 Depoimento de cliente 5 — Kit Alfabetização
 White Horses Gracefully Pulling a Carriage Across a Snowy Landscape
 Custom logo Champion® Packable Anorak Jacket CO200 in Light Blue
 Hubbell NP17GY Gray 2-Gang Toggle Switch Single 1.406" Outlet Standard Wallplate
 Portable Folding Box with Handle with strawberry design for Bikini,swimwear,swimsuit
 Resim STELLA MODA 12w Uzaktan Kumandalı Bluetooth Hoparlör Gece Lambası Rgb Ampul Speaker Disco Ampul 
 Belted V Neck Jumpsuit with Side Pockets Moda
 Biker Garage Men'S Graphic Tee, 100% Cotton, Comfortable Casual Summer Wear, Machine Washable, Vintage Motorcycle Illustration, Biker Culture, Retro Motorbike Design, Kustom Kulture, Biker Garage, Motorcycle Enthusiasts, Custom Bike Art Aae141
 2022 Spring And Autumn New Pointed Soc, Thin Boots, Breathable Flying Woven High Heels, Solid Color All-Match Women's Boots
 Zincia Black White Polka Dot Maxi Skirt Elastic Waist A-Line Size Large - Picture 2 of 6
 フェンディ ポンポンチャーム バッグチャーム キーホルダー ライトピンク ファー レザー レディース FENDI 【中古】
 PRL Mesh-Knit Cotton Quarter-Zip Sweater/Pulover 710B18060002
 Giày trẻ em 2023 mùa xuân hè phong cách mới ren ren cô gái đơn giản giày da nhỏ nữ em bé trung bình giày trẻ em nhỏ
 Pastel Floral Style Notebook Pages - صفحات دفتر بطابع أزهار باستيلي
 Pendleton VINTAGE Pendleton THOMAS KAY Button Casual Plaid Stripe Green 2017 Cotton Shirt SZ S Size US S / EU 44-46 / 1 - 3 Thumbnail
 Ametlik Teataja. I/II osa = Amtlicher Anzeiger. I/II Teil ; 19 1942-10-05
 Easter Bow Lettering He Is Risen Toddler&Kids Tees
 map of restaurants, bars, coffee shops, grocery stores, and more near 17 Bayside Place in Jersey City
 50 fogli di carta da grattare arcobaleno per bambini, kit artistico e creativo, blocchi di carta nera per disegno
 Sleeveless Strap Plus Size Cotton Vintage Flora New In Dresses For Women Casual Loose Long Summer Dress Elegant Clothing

•••

The problem -
What lines in the data above carry "White"? Return them all.

Exercise result -
 White Horses Gracefully Pulling a Carriage Across a Snowy Landscape
 Zincia Black White Polka Dot Maxi Skirt Elastic Waist A-Line Size Large - Picture 2 of 6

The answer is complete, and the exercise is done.